Так получилось, что мистер Чоут прибыл в тот же отель в день моего заселения туда, так что часть вдохновленного им труда протекала поблизости от него, если не в его присутствии. Однако я старался не попадаться ему на глаза, опасаясь, как бы он не счел меня «чудиком» на почве реформ, который вознамерился преследовать его в часы отдыха.
По мере продвижения работы моя легкость возрастала. Вскоре я даже пригласил дополнительного стенографиста в помощь для отлова моих мыслей. Эта чрезмерная продуктивность заставила меня остановиться и вновь диагностировать свое состояние. Теперь я не мог не признать в себе симптомов, едва ли отличимых от тех, что наблюдались восемью месяцами ранее, когда было сочтено целесообразным временно ограничить мою свободу. Но я поумнел от невзгод. Предпочтя не прерывать рукопись до ее завершения, я решил воспользоваться причитавшимся мне отпуском и остаться за пределами родного штата — дабы благонамеренные, но излишне ревностные родственники были избавлены от лишних тревог, а я сам избежал возможных необоснованных ограничений. Я вовсе не был уверен в том, какая степень душевного возбуждения будет вызвана столь непрерывным умственным напряжением; да меня это особо и не волновало, лишь бы задача была выполнена. Впрочем, зная, что «владение — девять десятых закона», я решил удержать свое преимущество, оставаясь в своей литературной крепости. И моя решимость еще больше укрепилась благодаря заветным мыслям, высказанным Джоном Стюартом Миллем в эссе «О свободе», которое я перечитывал с интересом, рожденным пережитым опытом.

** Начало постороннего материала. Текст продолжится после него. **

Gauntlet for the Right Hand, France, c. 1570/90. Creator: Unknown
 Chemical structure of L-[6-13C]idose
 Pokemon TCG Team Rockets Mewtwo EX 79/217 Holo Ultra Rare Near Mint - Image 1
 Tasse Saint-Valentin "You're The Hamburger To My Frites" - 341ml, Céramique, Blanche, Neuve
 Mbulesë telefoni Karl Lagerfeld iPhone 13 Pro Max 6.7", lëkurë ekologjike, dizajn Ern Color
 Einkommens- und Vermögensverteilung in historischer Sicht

Наконец первый набросок большей части моей истории был завершен. Получив вовремя денежный перевод (ибо, в строгом соответствии с традициями ремесла, я исчерпал свои финансовые ресурсы), я с облегчением отправился домой. Месяцами я нес бремя осознанного долга. Моя память, переполненная сведениями, которые при правильном использовании могли бы, как я верил, озарить и даже спасти несчастные жизни, казалась мне корзиной с яйцами, которую я был обязан балансировать на голове, чье равновесие, как считалось, было весьма ненадежным. Одно за другим в течение предшествующих пяти недель я осторожно извлекал мысли из тайников памяти, пока значительная часть моего груза не была переложена так, чтобы лечь на совесть общества.
Вновь пережив испытания и муки моих несчастнейших лет — что, разумеется, было необходимо при вспашке и бороновании столь на редкость цепкой памяти, — завершение этого первого наброска оставило меня истощенным. Но после поездки в Нью-Йорк, куда я отправился, чтобы убедить работодателей предоставить мне очередной отпуск, я возобновлил работу. Основанием для этой дополнительной милости служило то, что моя рукопись была слишком сырой, чтобы показывать ее кому-либо, кроме самых близких людей. Понимая, возможно, что деловой человек, у которого в голове жужжит литературный шмель, перестает на время быть деловым человеком, мои работодатели с готовностью согласились на то, чтобы я делал всё, что мне заблагорассудится, в течение октября месяца. Они также сочли меня достойным этой уступки, признавая силу моего убеждения в том, что на мне лежит высочайший долг.